Joanna Partridge 

‘You can’t keep coming for agriculture’: farmers prepare to protest over bitter budget harvest

Activists and the NFU insist Labour tax reforms aimed at the wealthy will also hurt smaller, poorer producers
  
  

Freya Morgan standing by the wheel of her tractor
Farmer Freya Morgan calls the government’s inheritance tax changes a ‘tax on farming’. Photograph: Freya Morgan

A wave of wellies is preparing to pound the streets of Westminster on Tuesday, as groups of farmers bring their anger over the government’s budget changes to inheritance tax to the capital.

For decades, agricultural properties have been passed down tax-free to heirs, but that will change from April 2026, when farms and other business property are brought under the remit of inheritance tax.

The changes mean those inheriting will have to pay 20% of the value of the agricultural and business property above £1m, although this is half the headline 40% rate.

The changes to agricultural property relief (APR) and business property relief (BPR) have stoked more fury in the farming community than perhaps any other recent issue.

It prompted the usually mild-mannered president of the National Farmers’ Union (NFU), Tom Bradshaw, to accuse the government of not understanding farming, while warning that the measures will probably push up food prices.

In response, some 1,800 farmers and growers will head to London on Tuesday to hold meetings with their local MPs. It will be a mass lobbying event organised by the NFU aimed at exerting pressure on the government over a policy the union says was designed to target wealthy people who buy up land, but will end up hurting small food producers.

Bedfordshire arable farmer Freya Morgan will be attending, after feeling dismayed by the government’s budget measures, which she considers “a tax on farming”.

Morgan, 60, inherited her parents’ farm after both of them died in the last few years, and grows crops such as wheat, oats and barley. Until the budget on 30 October – as is common in a sector with an ageing workforce – she was planning, in time, to pass the family 450-acre farm on to her 27-year-old son Josh.

“What I am doing, I am doing for him. He has a business and has a passion for it,” she said. “We are asset-rich but cash-poor, and we rely on our assets to be able to raise funds to carry out farming activities.”

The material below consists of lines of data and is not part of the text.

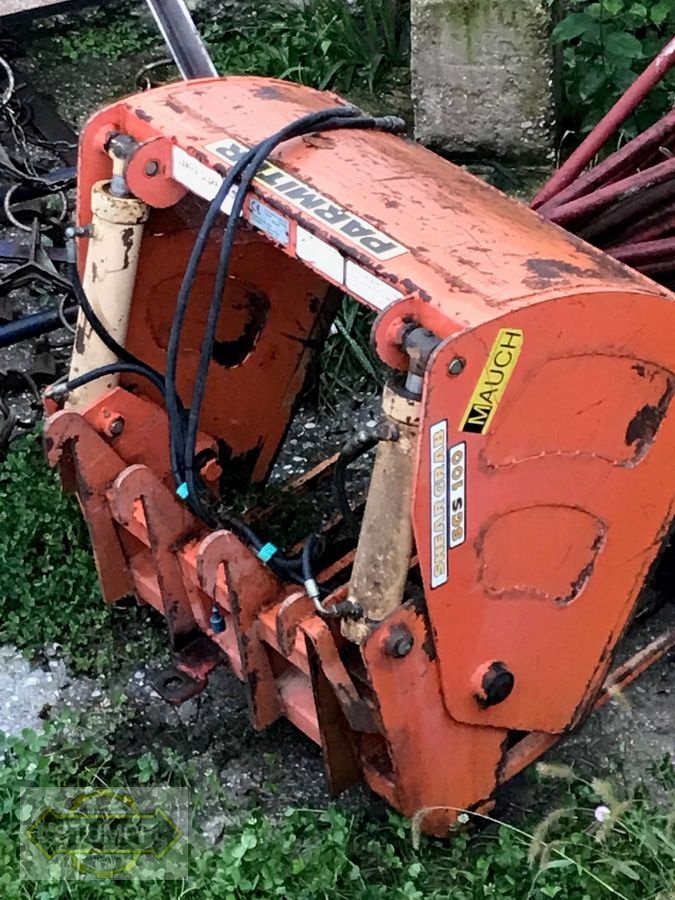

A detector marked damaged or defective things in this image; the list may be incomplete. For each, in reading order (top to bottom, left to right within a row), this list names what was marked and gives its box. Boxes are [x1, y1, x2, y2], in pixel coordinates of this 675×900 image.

rusty orange metal frame [45, 77, 672, 836]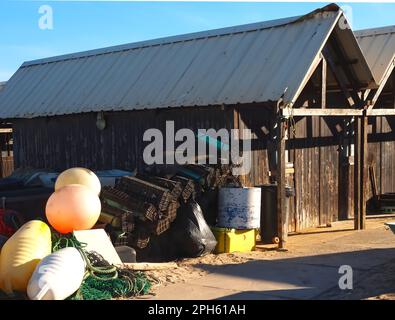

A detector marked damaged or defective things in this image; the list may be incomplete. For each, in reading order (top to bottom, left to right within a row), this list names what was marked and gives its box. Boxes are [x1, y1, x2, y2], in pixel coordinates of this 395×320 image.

rusty metal roof sheet [0, 4, 378, 119]
rusty metal roof sheet [356, 26, 395, 85]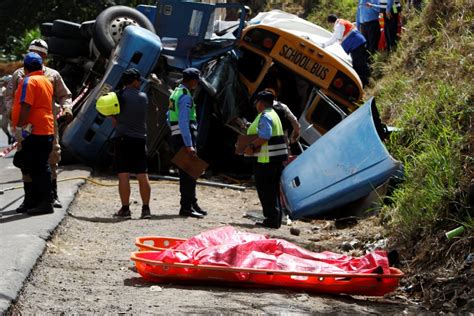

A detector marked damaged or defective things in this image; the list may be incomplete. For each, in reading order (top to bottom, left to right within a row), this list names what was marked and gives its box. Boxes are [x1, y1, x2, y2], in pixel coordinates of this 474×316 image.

overturned school bus [43, 0, 362, 173]
damaged vehicle [43, 0, 362, 175]
crashed truck [41, 0, 400, 217]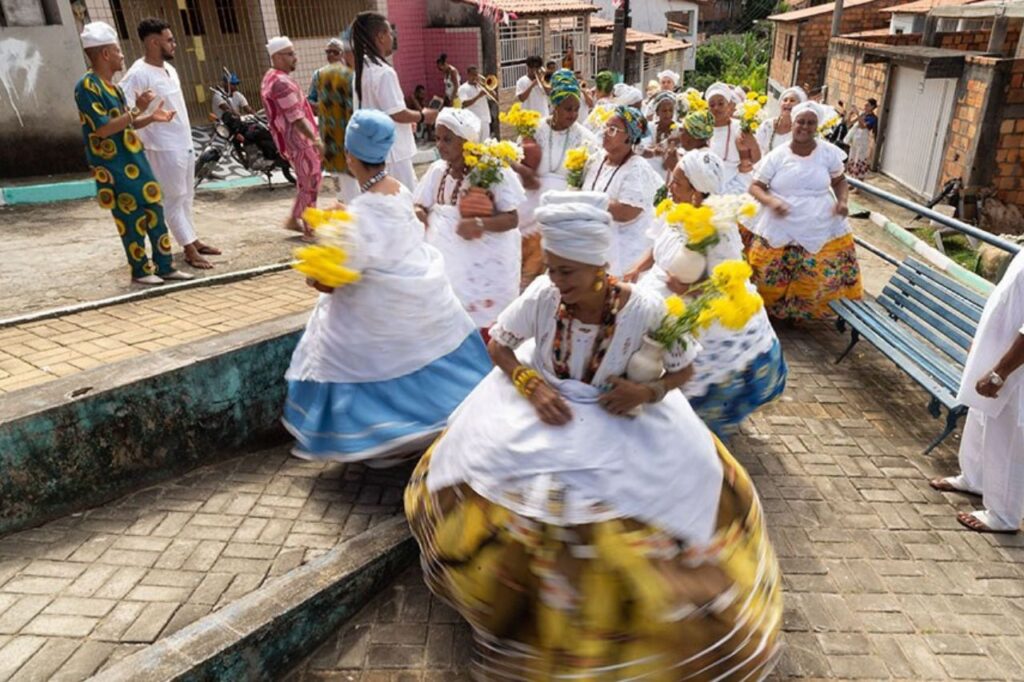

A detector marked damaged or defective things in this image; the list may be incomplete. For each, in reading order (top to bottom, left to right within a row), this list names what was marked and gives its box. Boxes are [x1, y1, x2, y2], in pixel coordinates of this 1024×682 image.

wall with peeling paint [0, 0, 89, 178]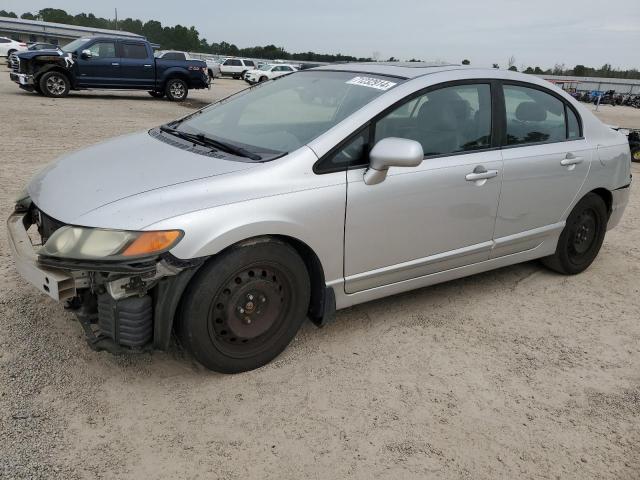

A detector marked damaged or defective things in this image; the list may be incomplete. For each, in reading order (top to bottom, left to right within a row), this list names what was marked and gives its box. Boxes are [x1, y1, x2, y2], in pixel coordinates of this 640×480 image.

damaged front end [6, 198, 202, 352]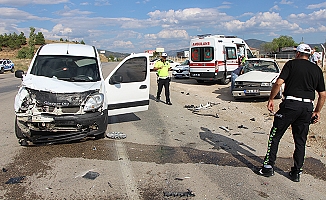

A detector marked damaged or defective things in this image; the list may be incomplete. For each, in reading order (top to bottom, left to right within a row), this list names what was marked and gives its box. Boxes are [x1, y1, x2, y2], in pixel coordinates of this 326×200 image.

crumpled hood [22, 74, 101, 93]
damaged white van [13, 43, 149, 145]
crashed silver car [13, 43, 150, 145]
crashed silver car [232, 58, 282, 99]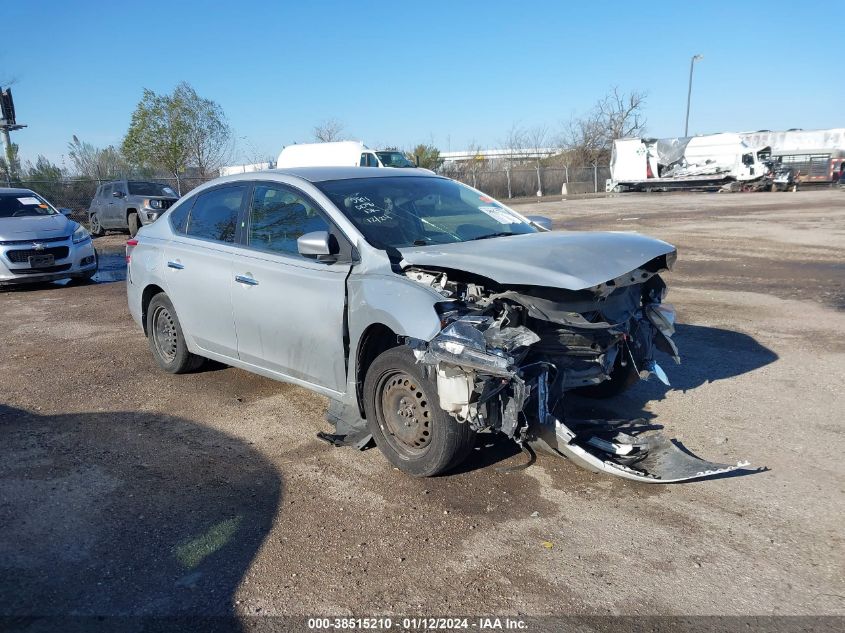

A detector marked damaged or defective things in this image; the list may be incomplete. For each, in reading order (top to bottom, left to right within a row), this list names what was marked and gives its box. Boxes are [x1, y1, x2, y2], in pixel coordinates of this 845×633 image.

wrecked silver sedan [127, 165, 744, 482]
damaged hood [398, 230, 676, 288]
crushed front end [402, 249, 744, 482]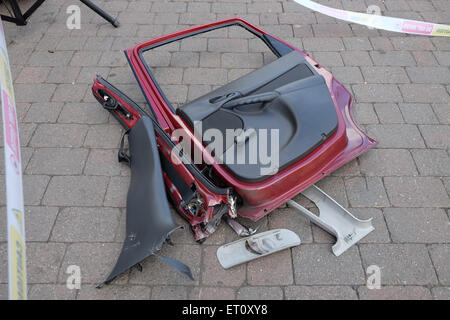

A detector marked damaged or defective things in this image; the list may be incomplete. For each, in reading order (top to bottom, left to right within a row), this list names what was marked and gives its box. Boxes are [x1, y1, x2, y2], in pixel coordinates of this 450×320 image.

broken windshield trim [136, 20, 284, 115]
demolished vehicle part [122, 18, 376, 241]
demolished vehicle part [93, 76, 193, 284]
demolished vehicle part [216, 229, 300, 268]
demolished vehicle part [286, 184, 374, 256]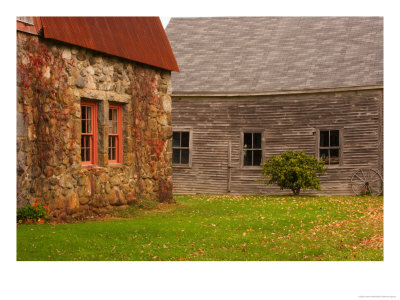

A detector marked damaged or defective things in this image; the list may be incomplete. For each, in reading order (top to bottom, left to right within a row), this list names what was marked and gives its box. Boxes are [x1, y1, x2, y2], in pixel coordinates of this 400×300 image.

rusty metal roof [16, 17, 177, 72]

Morgan and many others feel let down by the new crop of Labour MPs, many of whom were elected for the first time in July when rural constituencies turned away from the Tories.

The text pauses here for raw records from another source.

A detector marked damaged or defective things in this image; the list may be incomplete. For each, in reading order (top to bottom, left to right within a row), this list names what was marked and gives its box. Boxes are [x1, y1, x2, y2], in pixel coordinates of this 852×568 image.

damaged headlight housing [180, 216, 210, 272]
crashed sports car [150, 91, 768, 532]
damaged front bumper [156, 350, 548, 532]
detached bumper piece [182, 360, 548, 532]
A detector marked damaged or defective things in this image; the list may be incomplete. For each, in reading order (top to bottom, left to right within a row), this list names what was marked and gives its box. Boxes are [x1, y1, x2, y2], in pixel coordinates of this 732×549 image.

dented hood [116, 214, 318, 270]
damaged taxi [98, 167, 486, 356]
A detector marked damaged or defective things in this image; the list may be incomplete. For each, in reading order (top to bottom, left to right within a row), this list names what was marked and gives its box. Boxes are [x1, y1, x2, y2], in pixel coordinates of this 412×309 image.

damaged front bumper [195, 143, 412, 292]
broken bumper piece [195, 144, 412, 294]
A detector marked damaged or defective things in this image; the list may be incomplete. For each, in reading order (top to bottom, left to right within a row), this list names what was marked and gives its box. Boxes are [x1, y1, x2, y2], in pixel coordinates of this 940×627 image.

They are still clinging to hope that holding parliamentarians’ feet to the fire may force a government U-turn, even as disputes rage between the Treasury and the environment department over how many farms will be affected by the inheritance tax changes.

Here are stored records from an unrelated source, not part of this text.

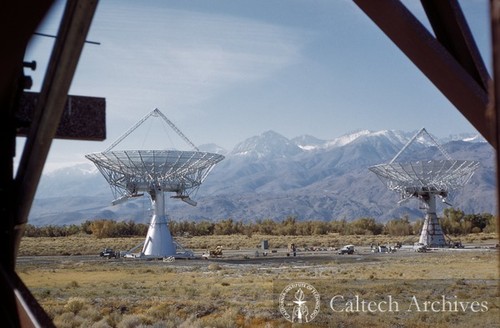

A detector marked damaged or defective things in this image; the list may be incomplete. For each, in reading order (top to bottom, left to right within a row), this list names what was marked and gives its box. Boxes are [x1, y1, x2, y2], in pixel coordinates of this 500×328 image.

rusty foreground beam [17, 91, 106, 141]
rusty foreground beam [356, 0, 492, 147]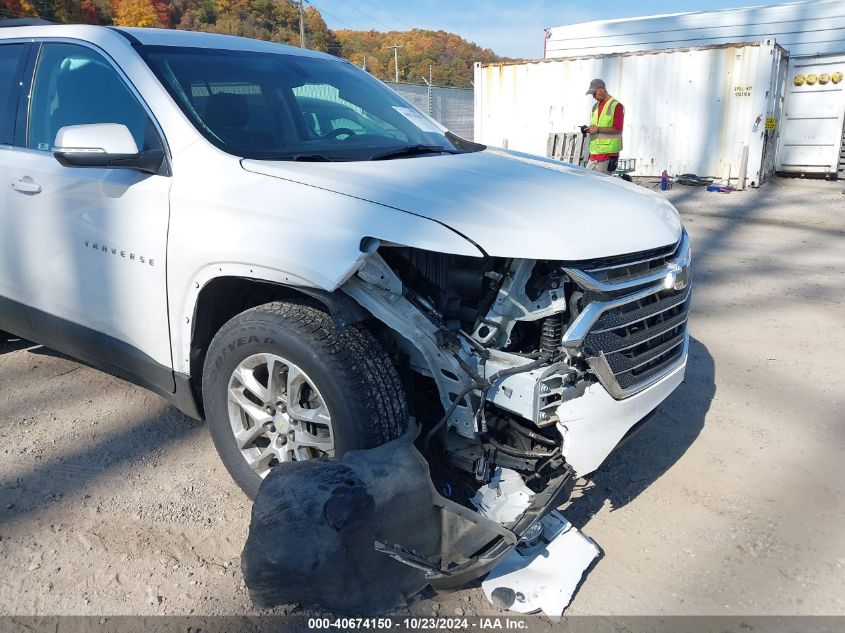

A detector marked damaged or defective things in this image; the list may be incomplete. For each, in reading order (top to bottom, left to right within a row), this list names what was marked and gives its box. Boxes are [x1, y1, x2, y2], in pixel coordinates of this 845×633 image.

damaged white suv [0, 27, 688, 584]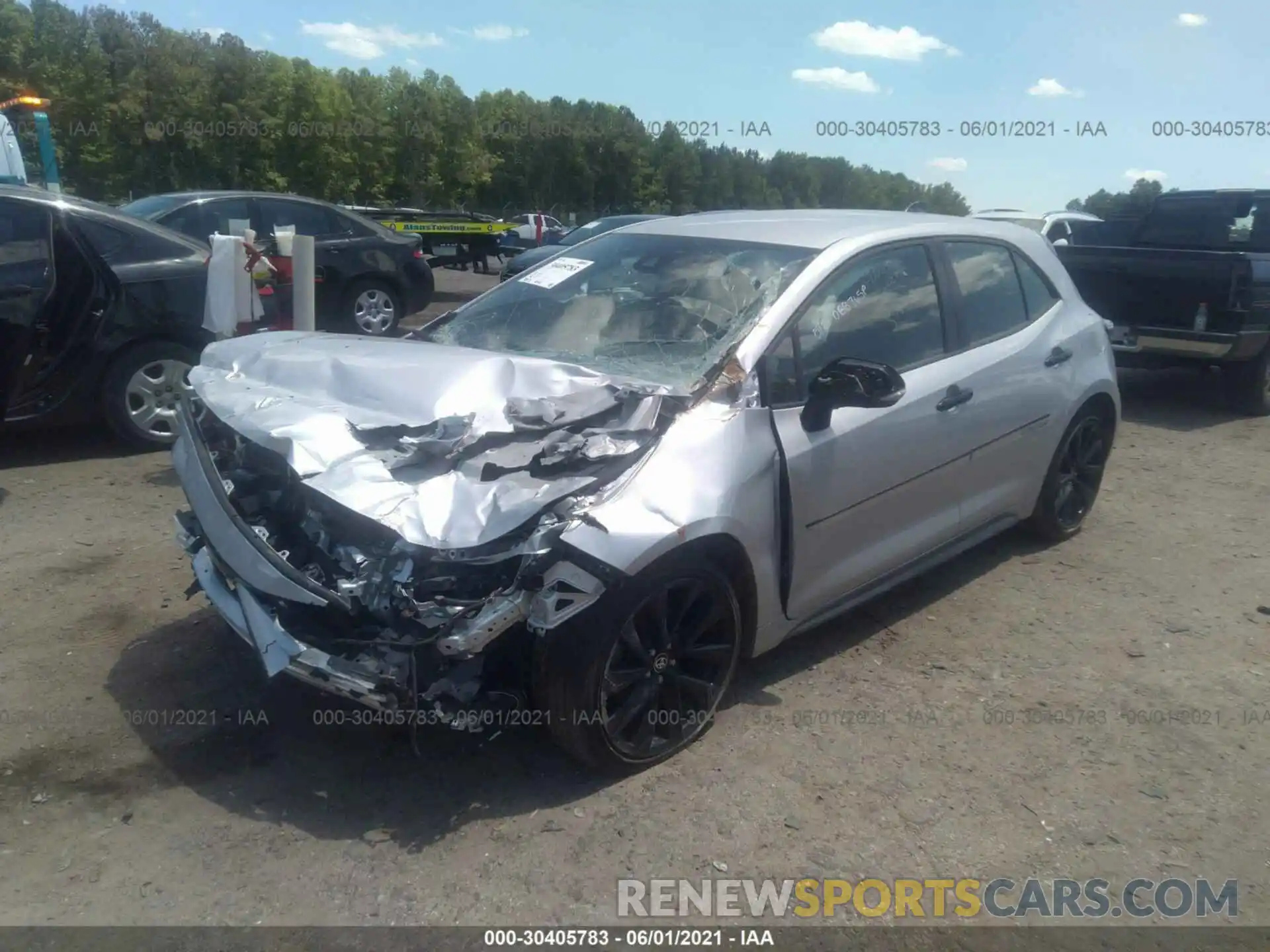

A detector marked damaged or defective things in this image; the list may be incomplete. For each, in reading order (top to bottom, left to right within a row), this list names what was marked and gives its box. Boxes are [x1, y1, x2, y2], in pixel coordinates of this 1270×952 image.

shattered windshield [416, 233, 812, 388]
crushed front end [173, 340, 675, 726]
dented hood [185, 333, 675, 551]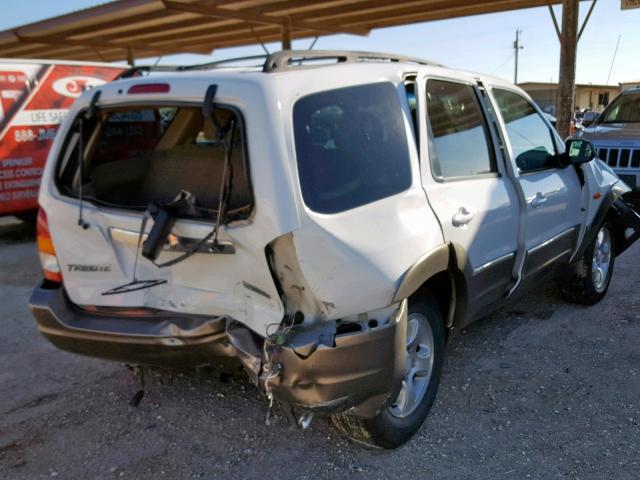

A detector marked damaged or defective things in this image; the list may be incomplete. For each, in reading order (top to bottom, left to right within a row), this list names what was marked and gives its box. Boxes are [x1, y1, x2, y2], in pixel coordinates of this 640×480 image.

broken tail light [37, 208, 63, 284]
damaged white suv [28, 50, 640, 448]
crushed rear bumper [30, 282, 404, 416]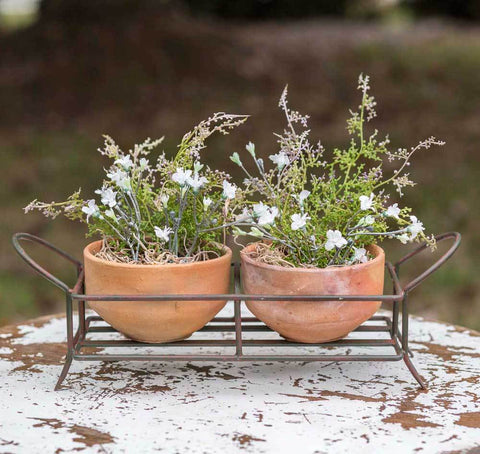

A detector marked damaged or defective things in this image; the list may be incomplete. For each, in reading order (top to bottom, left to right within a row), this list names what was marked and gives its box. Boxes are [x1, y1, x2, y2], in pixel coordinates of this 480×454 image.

peeling paint [0, 306, 478, 452]
chipped paint surface [0, 306, 478, 454]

Anger arising from the budget measures is also threatening splits in the farming community over the best way for food producers to voice their collective discontent.

Five farmers, who came together on budget day in a WhatsApp group chat called APR BPR, are bringing thousands more food producers to London on Tuesday to a rally which they insist is a “complement” to the NFU’s political lobbying.

Herefordshire cereal farmer Martin Williams, one of the organisers, said he had been moved to action after the budget measures became the latest event to affect food producers, following a string of challenges in recent years including extreme weather, Brexit and accompanying trade deals, and subsidy changes, as well as surges in input costs resulting from the war in Ukraine.

“When do we say, ‘hang on a minute’? You can’t just keep coming for agriculture,” Williams said.

Others are preparing for more militant action, among them Welsh farmer Gareth Wyn Jones, whose family has tended the same land for more than 375 years, but in more recent times has amassed a sizeable social media following.

Starting on Sunday, he will go on strike and stop delivering any food for a week. He is calling on food producers who can afford it to join in.

“This is a statement to show government that this could be the future,” he said. “It’s not to starve people, but have them understand what the future is going to look like when there isn’t going to be food there 24/7.”

The gloomy outlook for the rural economy is expected to be felt in Nottinghamshire later in the week when agricultural businesses bring their latest equipment to the Midlands machinery show.

Machinery manufacturers and dealers, along with builders and tradespeople, are expecting to feel the pinch as farmers cut back on investment.

SAM Sprayers, which has built crop sprayers in Norfolk since 1973, is “waiting for the dust to settle”, said director Thomas Sands, whose father, Neal, founded the business.

The overwhelming majority of the firm’s sprayers, costing upwards of £250,000, are sold in the UK. Weeks away from moving into a brand-new factory, Sands is left wondering whether this will be a good long-term investment.

“We’ve not got decisive knowledge yet how this will affect our market,” Sands told the Observer. “A lot of our farmers are very angry.”